• [Your task]
What is needed is an exact repeat of the entries, with no pictures in it.

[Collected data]
•••••
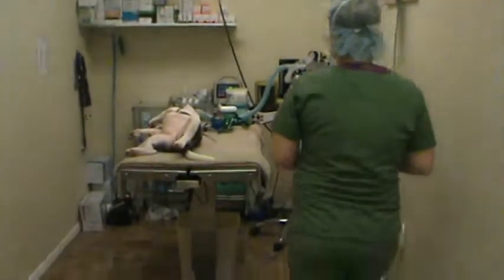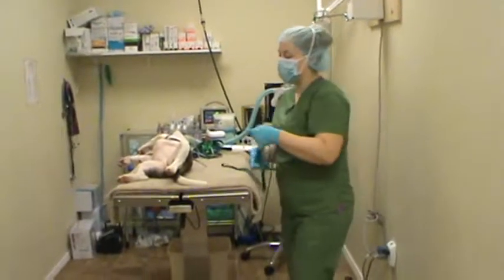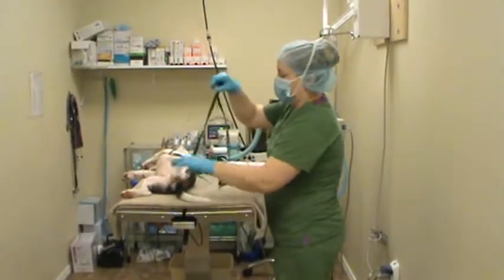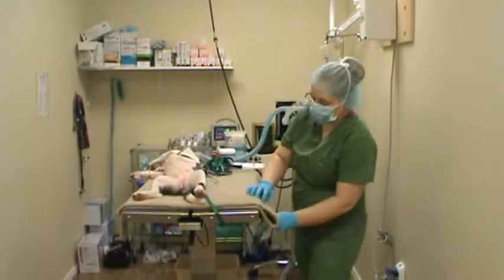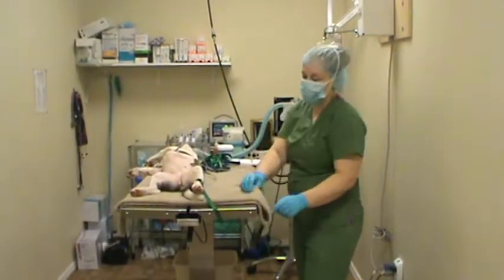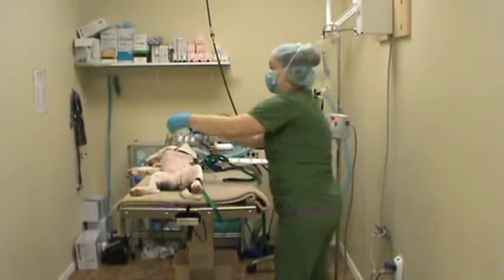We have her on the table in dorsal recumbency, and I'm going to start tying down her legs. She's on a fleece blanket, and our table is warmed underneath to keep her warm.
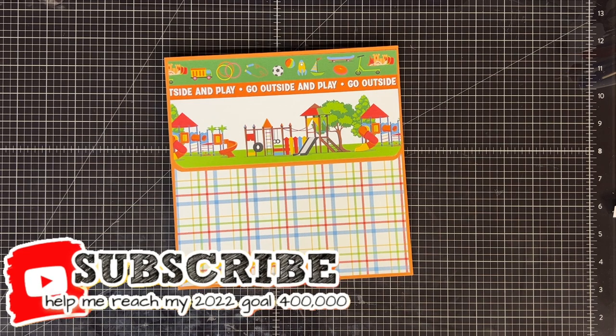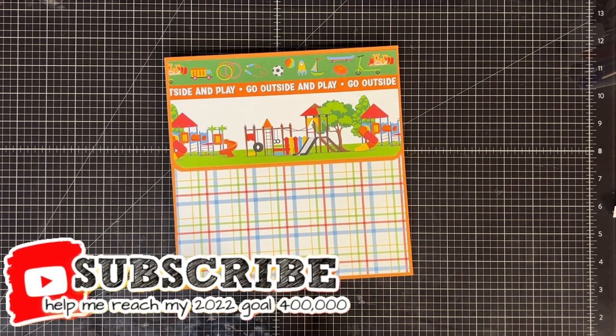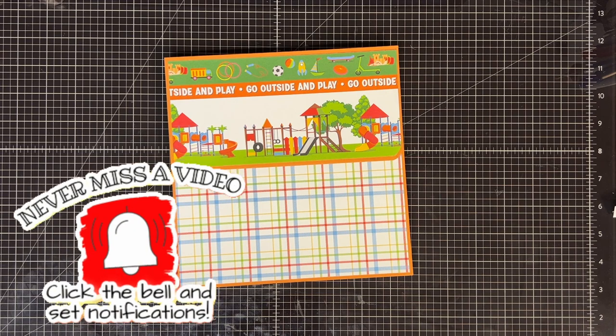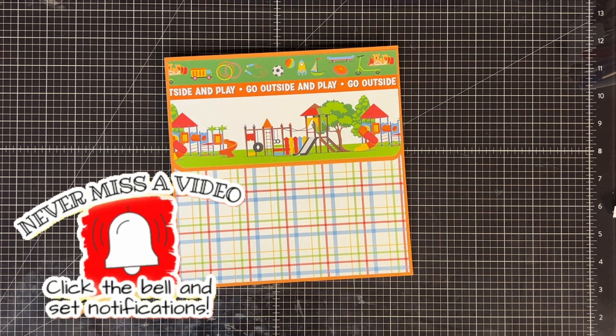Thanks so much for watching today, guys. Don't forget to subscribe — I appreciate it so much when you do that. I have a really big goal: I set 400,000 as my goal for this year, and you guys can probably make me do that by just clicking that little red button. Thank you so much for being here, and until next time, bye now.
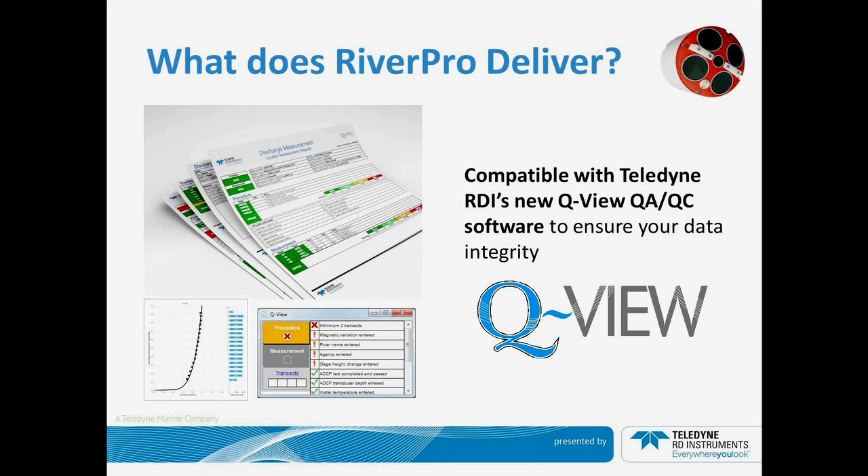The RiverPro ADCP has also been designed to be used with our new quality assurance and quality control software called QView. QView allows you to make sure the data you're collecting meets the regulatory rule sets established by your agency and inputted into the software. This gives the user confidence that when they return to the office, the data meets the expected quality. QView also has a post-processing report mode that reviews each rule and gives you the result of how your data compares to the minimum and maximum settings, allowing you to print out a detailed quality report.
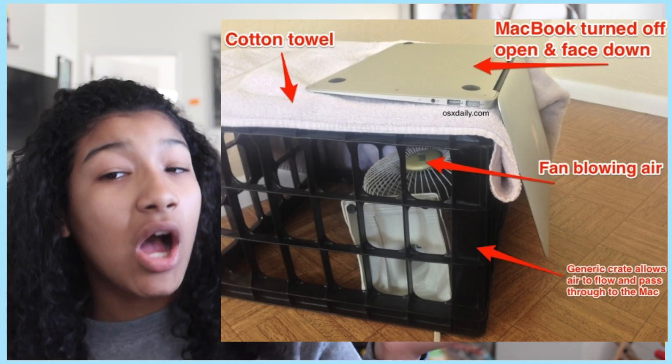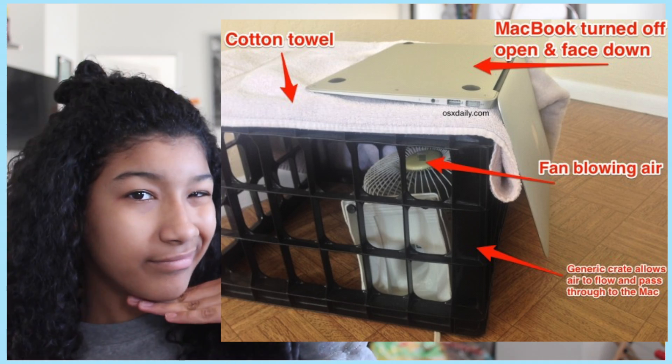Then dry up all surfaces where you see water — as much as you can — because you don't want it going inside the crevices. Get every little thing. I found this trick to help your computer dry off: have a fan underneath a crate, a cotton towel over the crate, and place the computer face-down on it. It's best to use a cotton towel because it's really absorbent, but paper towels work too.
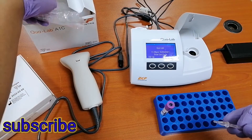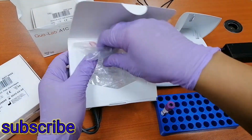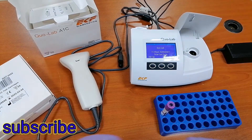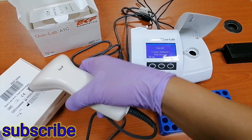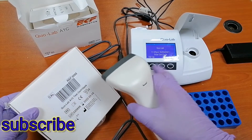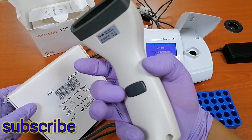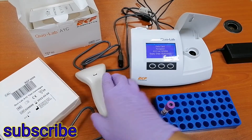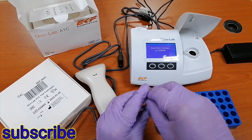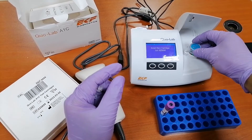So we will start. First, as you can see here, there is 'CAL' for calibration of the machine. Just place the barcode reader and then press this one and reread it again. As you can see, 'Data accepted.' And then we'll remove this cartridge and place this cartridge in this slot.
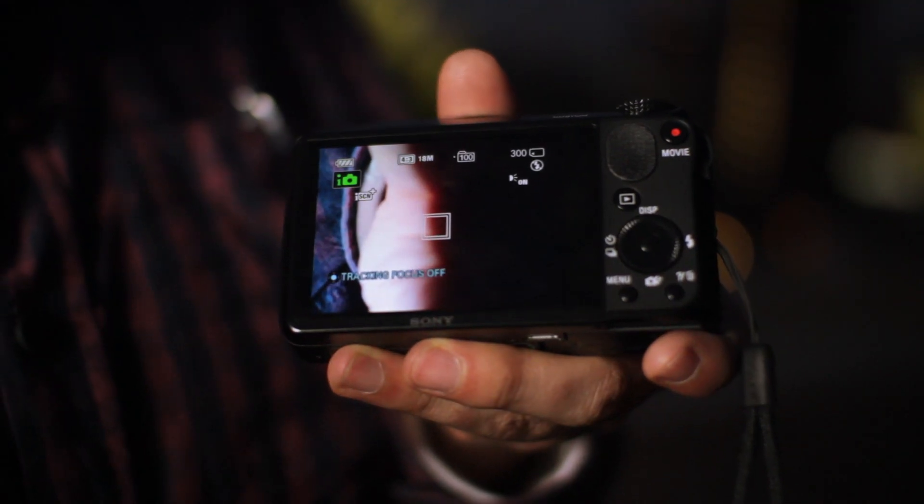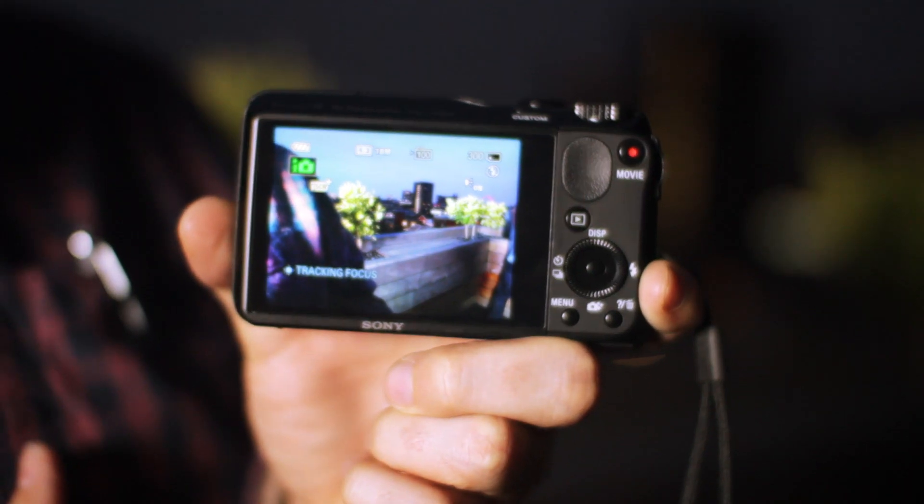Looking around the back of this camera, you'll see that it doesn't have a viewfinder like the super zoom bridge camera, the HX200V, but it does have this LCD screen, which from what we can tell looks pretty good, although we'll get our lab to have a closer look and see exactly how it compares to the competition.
•••••
• [Task response]
We have her on the table in dorsal recumbency, and I'm going to start tying down her legs. She's on a fleece blanket, and our table is warmed underneath to keep her warm.
Thanks so much for watching today, guys. Don't forget to subscribe — I appreciate it so much when you do that. I have a really big goal: I set 400,000 as my goal for this year, and you guys can probably make me do that by just clicking that little red button. Thank you so much for being here, and until next time, bye now.
The RiverPro ADCP has also been designed to be used with our new quality assurance and quality control software called QView. QView allows you to make sure the data you're collecting meets the regulatory rule sets established by your agency and inputted into the software. This gives the user confidence that when they return to the office, the data meets the expected quality. QView also has a post-processing report mode that reviews each rule and gives you the result of how your data compares to the minimum and maximum settings, allowing you to print out a detailed quality report.
Then dry up all surfaces where you see water — as much as you can — because you don't want it going inside the crevices. Get every little thing. I found this trick to help your computer dry off: have a fan underneath a crate, a cotton towel over the crate, and place the computer face-down on it. It's best to use a cotton towel because it's really absorbent, but paper towels work too.
So we will start. First, as you can see here, there is 'CAL' for calibration of the machine. Just place the barcode reader and then press this one and reread it again. As you can see, 'Data accepted.' And then we'll remove this cartridge and place this cartridge in this slot.
Looking around the back of this camera, you'll see that it doesn't have a viewfinder like the super zoom bridge camera, the HX200V, but it does have this LCD screen, which from what we can tell looks pretty good, although we'll get our lab to have a closer look and see exactly how it compares to the competition.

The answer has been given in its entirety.